25 taksówek MPK wzbogaci komunikację miejską
Przy wjeździe do Szczecina na Łasztowni znajduje się „cmentarzysko” porosłe pokrzywami. Spoczywają tam szkielety autobusów, tramwajów, jakieś stare wehikuły, podkłady.
Teren nieciekawy, ale nie dla wszystkich. Są ludzie, których interesują tego rodzaju wraki, zwłaszcza że „cmentarzysko” nie kończy się tylko na tym, co widać od strony ul. Gdańskiej. Niewydeptane dróżki prowadzą za zasłony krzewów, drzew i muru, którym ogrodzone są magazyny materiałowe MPK i dom mieszkalny. Tam – podobno – mają być wybudowane garaże dla 25 taksówek jakimi MPK ma wzbogacić komunikację miejską już w przyszłym roku.
Na ukrytym terenie jest kilka wozów tramwajowych, które po zdjęciu z szyn dowieziono ciągnikami.
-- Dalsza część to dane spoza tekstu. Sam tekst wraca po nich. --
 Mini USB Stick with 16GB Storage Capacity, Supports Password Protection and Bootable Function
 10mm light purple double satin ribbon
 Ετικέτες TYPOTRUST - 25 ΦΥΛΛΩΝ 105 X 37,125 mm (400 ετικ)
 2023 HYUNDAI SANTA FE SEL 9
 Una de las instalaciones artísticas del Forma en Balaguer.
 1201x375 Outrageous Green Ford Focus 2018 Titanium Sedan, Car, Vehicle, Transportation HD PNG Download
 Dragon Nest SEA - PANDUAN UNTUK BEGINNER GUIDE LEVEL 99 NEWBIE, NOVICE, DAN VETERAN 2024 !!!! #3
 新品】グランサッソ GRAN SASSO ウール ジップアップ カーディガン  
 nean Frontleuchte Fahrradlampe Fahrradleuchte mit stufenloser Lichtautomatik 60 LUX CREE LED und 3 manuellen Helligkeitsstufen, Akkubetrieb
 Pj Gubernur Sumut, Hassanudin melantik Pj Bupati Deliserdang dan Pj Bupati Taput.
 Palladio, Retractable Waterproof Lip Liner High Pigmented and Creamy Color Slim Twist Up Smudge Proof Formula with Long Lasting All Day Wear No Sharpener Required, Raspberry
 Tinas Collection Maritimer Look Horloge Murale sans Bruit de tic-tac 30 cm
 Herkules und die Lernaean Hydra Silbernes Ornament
Wozy są zniszczone, ale stanowią jeszcze łakome kęsy dla „zbieraczy”, bo posiadają mosiężne obicia i klamki, zawiasy, niepotłuczone szyby, oprawki do żarówek i szereg innych drobiazgów, które stanowią wyposażenie tramwaju, nie mówiąc o ławkach czy resorach.
Na te rzeczy łaszą się złodzieje i dlatego warto, aby warsztaty MPK zainteresowały się ukrytymi na własnym cmentarzysku rezerwami. (…)
„Kurier Szczeciński” z 5 września 1956 r.